From about the second or third year, we remove all the flower clusters before they set fruit because we need to focus the vines’ growth on their root systems, to give the vines the necessary resources to set them up to best carry their first and future crops.

In the case of our Sangiovese, we harvested the first crop in the vines’ sixth year from planting.

Even with this nurturing approach, we plan to continue to remove fifty percent of the potential crop each year to enable the remaining fruit to mature to the quality we expect to harvest.

Sustainably farmed

We manage the vineyard using organic and biodynamic inputs, many of them produced on site.
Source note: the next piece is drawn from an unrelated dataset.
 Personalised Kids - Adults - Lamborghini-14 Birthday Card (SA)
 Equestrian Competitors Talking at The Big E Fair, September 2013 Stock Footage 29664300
We use no synthetic fungicides, herbicides, pesticides or fertilisers.  Our fertilising regime consists of the application of annual composting, rock dust and on-farm fermented teas such as seaweed, casuarina, nettle and liquid manure.          

As part of our fungicide control we use whey, sourced from a local organic goat dairy.

The posts used for the vineyard trellis are made from recycled plastic.

On our property we have planted over 2000 native trees and shrubs as part of our efforts to offset our carbon footprint.

By hand

Each of our vines gets touched by our hands multiple times over a season through pruning, shoot thinning, bunch thinning and finally harvesting.

Our weeding regime involves weed hoeing and hand weeding each individual vine. Also, each season, we usually do two complete passes through the vineyard with a brush cutter.

Each vine is hand mulched with straw.